To decipher this apparent contradiction one needs to understand two things: the asymmetric nature of the conflict, and the failure to strictly apply international humanitarian law as the instrument to check military’s overreach.
In relation to Palestinians under their occupation, Israel is extremely powerful militarily, financially and politically. Israel controls all the significant factors in the conflict, which has led to an exaggerated approach to protecting its interests, and to maintain its positions at practically no costs to itself. The average income of an Israeli in 2012 stood at around $32,000 annually, while a Palestinian’s yearly income doesn’t pass $2,900. Its preponderant advantage in all aspects of military power is phenomenal. It controls the battlefield, the airspace, and all entry and exit borders. Because of that imbalance Israelis exaggerate in defense of their people while being generally insensitive to the suffering of the other side.
The result is an extremely low tolerance of anything that scratches the normal life of Israelis while paying little attention to the effect their actions have on Palestinians. Amnesty International specified that carelessness toward Palestinians recently by rapping Israel for its action against Palestinians, even if such actions are preceded by a warning.
“Issuing a warning does not absolve an attacking force of its obligations to spare civilians, including by taking all other necessary precautions to minimize civilian casualties and damage to civilian structures,” Amnesty said in a statement.
This one-sided approach is not limited to the Israeli army.

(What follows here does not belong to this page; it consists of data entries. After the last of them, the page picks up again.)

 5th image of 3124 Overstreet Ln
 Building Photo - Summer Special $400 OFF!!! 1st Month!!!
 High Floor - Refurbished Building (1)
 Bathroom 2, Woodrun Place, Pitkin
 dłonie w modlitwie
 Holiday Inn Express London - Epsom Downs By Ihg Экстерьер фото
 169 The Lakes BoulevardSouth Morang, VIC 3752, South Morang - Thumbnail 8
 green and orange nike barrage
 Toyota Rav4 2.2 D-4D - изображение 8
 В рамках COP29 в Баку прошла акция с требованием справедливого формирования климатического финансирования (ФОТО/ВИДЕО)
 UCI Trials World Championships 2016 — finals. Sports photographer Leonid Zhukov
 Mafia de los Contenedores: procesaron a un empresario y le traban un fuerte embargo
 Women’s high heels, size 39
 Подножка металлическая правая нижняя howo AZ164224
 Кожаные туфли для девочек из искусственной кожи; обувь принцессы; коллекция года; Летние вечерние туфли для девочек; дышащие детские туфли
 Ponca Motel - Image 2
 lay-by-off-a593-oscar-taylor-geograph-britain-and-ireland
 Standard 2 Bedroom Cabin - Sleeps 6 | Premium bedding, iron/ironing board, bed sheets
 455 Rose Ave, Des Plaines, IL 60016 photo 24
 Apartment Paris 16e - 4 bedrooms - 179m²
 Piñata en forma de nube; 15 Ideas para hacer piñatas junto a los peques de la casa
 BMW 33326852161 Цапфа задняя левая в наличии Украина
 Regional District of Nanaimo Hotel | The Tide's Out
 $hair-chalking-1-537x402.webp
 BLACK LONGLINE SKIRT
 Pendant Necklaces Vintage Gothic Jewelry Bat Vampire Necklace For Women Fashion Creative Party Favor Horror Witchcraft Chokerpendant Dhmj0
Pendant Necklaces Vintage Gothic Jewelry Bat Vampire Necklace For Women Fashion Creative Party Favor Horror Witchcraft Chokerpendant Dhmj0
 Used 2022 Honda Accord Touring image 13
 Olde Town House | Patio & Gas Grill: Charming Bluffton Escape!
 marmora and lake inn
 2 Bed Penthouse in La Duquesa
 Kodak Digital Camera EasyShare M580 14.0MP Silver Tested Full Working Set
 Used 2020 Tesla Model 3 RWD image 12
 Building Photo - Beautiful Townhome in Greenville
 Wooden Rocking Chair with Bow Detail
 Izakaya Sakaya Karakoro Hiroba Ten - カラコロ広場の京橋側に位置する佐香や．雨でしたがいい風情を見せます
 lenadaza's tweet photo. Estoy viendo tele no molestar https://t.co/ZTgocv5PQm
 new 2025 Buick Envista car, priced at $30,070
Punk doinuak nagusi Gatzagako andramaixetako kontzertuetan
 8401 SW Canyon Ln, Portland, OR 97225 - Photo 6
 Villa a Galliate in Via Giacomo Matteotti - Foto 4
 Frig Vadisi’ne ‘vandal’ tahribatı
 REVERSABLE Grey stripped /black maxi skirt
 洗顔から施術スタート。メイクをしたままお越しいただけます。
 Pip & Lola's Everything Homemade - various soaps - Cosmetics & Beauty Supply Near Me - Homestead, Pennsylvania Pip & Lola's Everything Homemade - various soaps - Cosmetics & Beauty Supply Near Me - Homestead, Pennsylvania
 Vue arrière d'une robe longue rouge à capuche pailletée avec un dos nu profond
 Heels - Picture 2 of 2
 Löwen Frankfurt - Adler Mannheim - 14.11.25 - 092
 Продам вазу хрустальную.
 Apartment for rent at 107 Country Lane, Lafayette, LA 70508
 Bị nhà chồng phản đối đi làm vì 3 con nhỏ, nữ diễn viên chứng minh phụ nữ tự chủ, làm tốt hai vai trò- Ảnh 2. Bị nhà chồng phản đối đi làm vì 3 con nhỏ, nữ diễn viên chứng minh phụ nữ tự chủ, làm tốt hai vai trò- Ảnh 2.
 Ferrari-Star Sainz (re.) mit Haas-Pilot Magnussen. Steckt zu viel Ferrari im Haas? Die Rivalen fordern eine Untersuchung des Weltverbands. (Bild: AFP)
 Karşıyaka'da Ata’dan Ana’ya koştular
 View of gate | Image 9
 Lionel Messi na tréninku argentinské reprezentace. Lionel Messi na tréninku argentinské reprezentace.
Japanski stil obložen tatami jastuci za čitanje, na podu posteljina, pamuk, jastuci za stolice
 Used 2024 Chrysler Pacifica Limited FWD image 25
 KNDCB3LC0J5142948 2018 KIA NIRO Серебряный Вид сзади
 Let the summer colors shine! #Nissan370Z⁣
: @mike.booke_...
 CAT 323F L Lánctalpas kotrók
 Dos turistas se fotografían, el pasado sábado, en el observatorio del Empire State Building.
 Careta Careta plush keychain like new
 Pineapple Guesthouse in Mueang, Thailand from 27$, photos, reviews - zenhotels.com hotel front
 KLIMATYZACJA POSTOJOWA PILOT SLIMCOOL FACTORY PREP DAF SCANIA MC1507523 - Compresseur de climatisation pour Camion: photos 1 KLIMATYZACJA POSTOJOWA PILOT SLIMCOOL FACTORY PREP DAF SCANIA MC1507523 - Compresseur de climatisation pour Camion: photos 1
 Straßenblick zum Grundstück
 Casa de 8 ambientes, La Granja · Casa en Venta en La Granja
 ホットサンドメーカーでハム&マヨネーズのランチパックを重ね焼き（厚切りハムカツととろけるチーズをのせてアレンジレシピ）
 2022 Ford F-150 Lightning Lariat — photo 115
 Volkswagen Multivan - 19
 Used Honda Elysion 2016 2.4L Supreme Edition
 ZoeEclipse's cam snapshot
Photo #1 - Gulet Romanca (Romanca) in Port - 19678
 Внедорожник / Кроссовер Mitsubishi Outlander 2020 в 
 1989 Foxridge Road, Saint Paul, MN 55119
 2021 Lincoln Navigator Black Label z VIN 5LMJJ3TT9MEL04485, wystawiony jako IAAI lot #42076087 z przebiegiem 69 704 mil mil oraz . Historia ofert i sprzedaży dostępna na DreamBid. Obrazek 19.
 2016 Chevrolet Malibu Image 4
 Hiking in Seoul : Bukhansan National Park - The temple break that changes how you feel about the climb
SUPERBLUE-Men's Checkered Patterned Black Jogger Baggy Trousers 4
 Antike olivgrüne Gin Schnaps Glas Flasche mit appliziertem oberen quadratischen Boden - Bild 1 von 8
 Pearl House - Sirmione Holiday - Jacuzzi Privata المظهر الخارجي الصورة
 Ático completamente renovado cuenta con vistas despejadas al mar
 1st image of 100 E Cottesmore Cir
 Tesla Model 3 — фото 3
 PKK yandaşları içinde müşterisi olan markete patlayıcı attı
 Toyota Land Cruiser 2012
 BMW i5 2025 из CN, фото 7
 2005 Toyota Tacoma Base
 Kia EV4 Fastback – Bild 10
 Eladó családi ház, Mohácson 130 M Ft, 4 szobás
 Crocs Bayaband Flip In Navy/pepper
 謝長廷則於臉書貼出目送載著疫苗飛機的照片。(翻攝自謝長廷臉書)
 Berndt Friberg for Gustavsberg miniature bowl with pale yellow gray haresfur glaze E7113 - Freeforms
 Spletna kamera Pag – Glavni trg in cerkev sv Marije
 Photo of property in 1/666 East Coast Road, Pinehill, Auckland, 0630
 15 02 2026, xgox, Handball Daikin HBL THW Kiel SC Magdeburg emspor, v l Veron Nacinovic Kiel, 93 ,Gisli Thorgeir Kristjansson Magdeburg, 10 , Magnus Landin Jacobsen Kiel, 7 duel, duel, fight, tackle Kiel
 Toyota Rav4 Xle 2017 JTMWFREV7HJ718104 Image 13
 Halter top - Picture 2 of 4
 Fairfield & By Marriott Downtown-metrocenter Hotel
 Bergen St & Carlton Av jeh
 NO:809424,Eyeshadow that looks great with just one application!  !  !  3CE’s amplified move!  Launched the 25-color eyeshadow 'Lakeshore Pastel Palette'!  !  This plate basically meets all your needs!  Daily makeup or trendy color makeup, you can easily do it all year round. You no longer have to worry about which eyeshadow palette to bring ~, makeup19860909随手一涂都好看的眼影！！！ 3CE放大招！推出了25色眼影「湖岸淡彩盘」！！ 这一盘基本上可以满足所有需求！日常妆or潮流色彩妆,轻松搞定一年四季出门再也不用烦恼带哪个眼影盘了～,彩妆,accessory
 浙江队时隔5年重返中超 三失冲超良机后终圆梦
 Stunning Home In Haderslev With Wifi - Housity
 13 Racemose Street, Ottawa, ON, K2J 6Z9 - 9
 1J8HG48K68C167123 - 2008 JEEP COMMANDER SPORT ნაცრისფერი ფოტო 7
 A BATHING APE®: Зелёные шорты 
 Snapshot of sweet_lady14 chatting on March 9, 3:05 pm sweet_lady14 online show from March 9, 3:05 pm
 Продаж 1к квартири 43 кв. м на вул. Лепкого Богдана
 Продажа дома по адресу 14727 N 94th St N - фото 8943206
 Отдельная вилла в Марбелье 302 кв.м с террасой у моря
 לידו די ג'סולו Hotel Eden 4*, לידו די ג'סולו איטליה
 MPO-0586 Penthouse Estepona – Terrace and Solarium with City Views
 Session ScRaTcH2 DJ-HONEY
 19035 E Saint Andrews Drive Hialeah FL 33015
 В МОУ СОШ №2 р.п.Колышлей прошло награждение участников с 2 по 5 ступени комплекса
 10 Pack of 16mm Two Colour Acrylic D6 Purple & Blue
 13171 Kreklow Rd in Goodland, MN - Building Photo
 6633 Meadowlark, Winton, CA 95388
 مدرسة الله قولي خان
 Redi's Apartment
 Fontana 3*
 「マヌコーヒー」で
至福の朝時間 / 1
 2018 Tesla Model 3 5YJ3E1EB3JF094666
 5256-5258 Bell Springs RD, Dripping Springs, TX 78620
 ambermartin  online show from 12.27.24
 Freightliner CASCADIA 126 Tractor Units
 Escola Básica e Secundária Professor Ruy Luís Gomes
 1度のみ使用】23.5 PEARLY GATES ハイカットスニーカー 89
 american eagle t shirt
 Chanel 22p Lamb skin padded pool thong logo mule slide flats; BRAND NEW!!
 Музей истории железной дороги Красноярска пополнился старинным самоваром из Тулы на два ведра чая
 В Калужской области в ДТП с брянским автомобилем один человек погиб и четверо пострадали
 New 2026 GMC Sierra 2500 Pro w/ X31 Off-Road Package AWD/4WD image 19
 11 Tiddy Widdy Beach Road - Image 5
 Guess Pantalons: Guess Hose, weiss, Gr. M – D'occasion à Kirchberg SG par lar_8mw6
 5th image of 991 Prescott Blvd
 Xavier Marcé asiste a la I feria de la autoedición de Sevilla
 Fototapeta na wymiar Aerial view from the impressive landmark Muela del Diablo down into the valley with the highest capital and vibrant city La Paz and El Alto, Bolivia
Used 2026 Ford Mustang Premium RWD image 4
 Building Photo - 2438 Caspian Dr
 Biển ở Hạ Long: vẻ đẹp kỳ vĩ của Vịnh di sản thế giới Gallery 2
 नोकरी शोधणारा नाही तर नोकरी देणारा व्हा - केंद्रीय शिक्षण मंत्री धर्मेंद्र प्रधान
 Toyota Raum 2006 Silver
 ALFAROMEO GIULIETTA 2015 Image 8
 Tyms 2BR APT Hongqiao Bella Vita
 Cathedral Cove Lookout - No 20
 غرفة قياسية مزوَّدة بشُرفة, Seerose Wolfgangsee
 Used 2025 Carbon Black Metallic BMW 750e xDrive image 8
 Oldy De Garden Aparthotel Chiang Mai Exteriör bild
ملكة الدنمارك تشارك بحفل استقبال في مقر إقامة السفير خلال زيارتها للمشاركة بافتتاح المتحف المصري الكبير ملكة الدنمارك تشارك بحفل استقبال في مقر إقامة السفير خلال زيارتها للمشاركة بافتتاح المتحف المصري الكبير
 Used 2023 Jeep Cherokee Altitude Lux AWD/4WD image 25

But that is where international law steps in, to regulate both the initiation of hostilities, the behavior of an occupier toward occupied populations (who are entitled, incidentally to resist it) as well as the conduct of the hostilities themselves.
The Fourth Geneva Convention regarding the treatment of civilians under military occupation prohibits collective punishment and wanton destruction of property, and imposes obligations regarding the needs of the population, including water, electricity, food and medical supplies. Israel claims that since it withdrew its settlers and army from the Gaza Strip, that turns Gaza into an independent neighboring sovereign country, from whose borders rockets are fired that should be silenced.
But even if the war is viewed as an international conflagration, there are clear requirements of warfare, including proportionality, prohibition on targeting civilian structures, and collective punishments, as well as sieges.
In recent years, Israel has routinely violated with impunity international law, not only by erecting illegal settlements but also by placing a seven-year land and water siege on the 1.8 million Palestinians living in the Gaza Strip. Such a blockade is automatically considered an act of war under humanitarian law.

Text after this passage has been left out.